In 2017, when the Eastern Municipal Water District’s (EMWD) Well 59 Wellhead Treatment Facilities were found to have exceeded the health advisory level for PFAS, they were taken out of service. This was only three years ago, but it might as well have been a lifetime by PFAS standards. It was one of the first instances in the state of California, and very little was known about treatment options and efficacy at the time.
Thus, when Kennedy Jenks was asked to perform a pilot study, it also became one of the first permitted system efforts in the region for drinking water. Carefully charting that course required working in close coordination and communicating clearly with regulators, EMWD and stakeholders.

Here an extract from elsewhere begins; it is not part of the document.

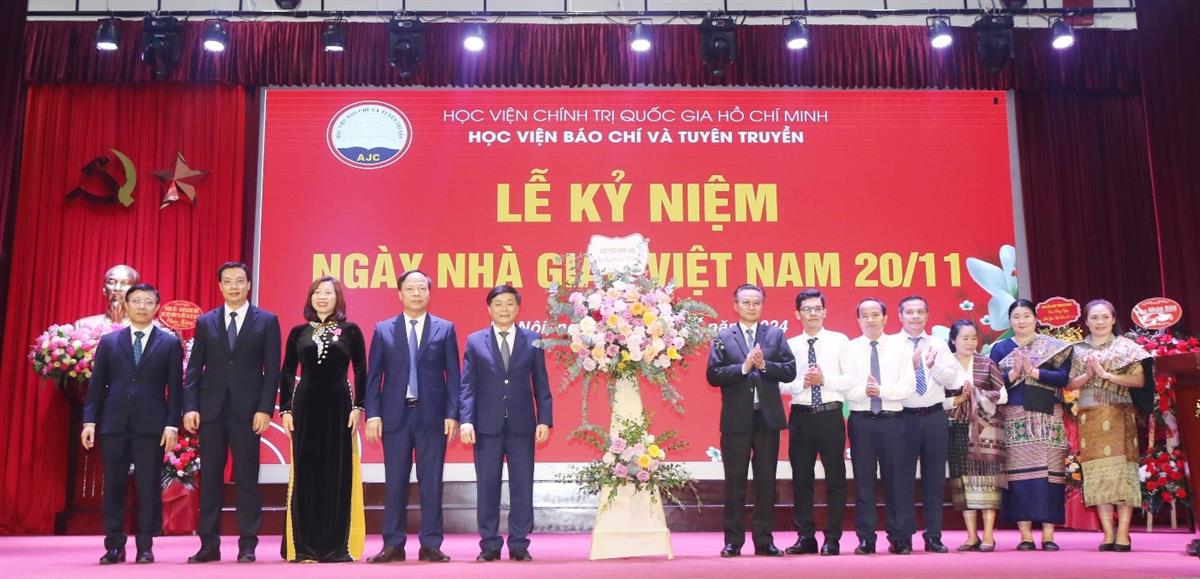 Học viện Báo chí và Tuyên truyền tổ chức Lễ kỷ niệm 42 năm Ngày Nhà giáo Việt Nam (20/11/1982 – 20/11/2024)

Kennedy Jenks served as a critical resource, educating the client and regulators on the issues and potential technologies and working with them to ensure confidence in the design and permitting process. The team launched a pilot study at a time when the industry was trying to figure out how to navigate this uncharted territory, and they rose to the occasion. While there were studies being performed on the university level, Kennedy Jenks participated in one of the fist pilot systems for full-scale drinking operations on the West Coast.
The firms took a collaborative approach to performing that test, identifying the right solution to bring Well 59 back in service. They helped overcome regulatory issues by having discussions with regulatory staff, fostered dialogue with EMWD and held weekly planning meetings with stakeholders to find the restore well production and deliver the project on time and on budget.